Along with the possibility of losing discs, even a delay in receiving your luggage can cause huge headaches if you have other connections to catch after your plane lands or a tournament is a haul from the airport. Clothes and toothbrushes are easy to replace, but that driver you've beaten in to perfection over the last seven years isn't.
If You Have to Check Your Disc Golf Bag...
We sometimes have no choice but to trust some of our precious gear to the airlines, and this presents its own set of problems, namely protecting it from damage and fitting other necessities around it.
One good option for protecting your discs came from another player who has traveled for tournament play, Drake Evans. He recommended packing discs in a small piece of luggage and then packing that into a larger piece of luggage. This reduces the chance that your discs could get bent out of shape by the weight of other baggage during transport.
With carts becoming ever more popular, former president of the Las Vegas Disc Golf Club Carl Atwell's experience is also worth noting.
"If you're bringing a cart, I've found the ZÜCA backpack carts to be the best to fly with," Atwell said. "Either the EZ, Backpack, or the XL break down and fit in larger suitcases and you can pack everything else around them. Just know your airline's luggage weight policy and weigh your suitcase once it's loaded."
For those having a hard time fitting everything they need around their cart or other gear, Barsby said a great solution was space bags. These bags, essentially only for use with clothing or other fabric, compress what you're packing to allow you to fit the most possible in the space available. Some require a vacuum or pump while others don't. You just need to be very attentive to weight because you'll be able to fit so much more in your luggage than with conventional packing.
Discs Are Weird
Discs are not something the majority of security personnel or travelers see often or have ever seen, and this can create both problems and opportunities.

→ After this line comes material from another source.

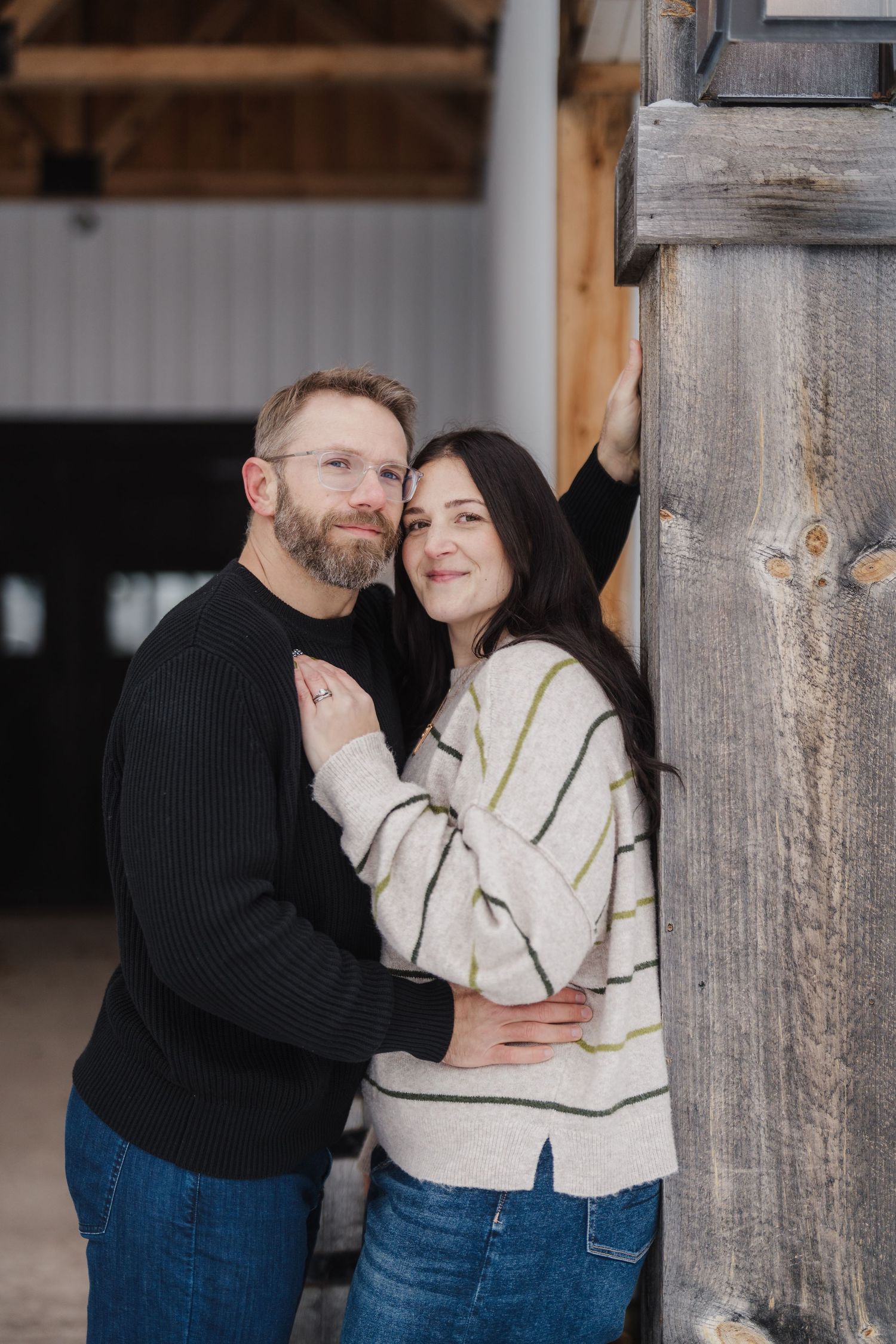 A couple embraces in a rustic barn doorway wearing matching knit sweaters and denim.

On the "problem" side, we have experiences like that of someone we spoke with who described a time when security slowly emptied his entire bag and examined each of his discs individually while he and his wife were "standing there watching in bewilderment." Incidents like this, as well as the story that started off this article, are why anyone bringing discs along should avoid cutting it close with departure times.
As for "opportunity," it's not just security who may be interested in your discs.
"Get ready to explain disc golf to everyone in the terminal," Atwell, who also gave us tips on flying with a cart earlier, said.
Travelers are looking to kill time and a bag of discs tends to provoke questions. Atwell sees that as "the perfect opportunity to introduce them to [his] favorite sport."
General Tips When Flying for Disc Golf
Along with tips specific to disc golf, Barsby also offered up pointers good for anyone hopping on a plane:
- "Wear a zip sweatshirt on the plane in case it gets chilly on the flight. Or, if you're tired, it can double as a blanket or a pillow."
- "Water up! Flying dehydrates you, so bring an empty water bottle or two to fill up once you're inside the terminal, especially on eight-hour flights or longer."
- "While traveling abroad it's best to have a universal electricity plug, so no matter where you go, you can charge your devices."
- "Noise-cancelling headphones are a must for a quality audio experience...(bonus tips: find a right/left mono plugin for wired headphones; most planes have a mono system. Traveling with a partner? Purchase an audio splitter to enjoy together.)"
- "Make your plans flexible. Sometimes you can circumvent expensive flight costs by keeping your flying days flexible. You can save hundreds, even thousands of dollars on overseas flights by taking a plane a couple days earlier or later than originally planned. With that said, many of the trips I take have a 'guideline' of dates and things to do, but sometimes the most fun is when you have a plan, but are open to the serendipity of life's twists and turns. You could make new friends, find amazing experiences, or a new favorite place when you go with the flow."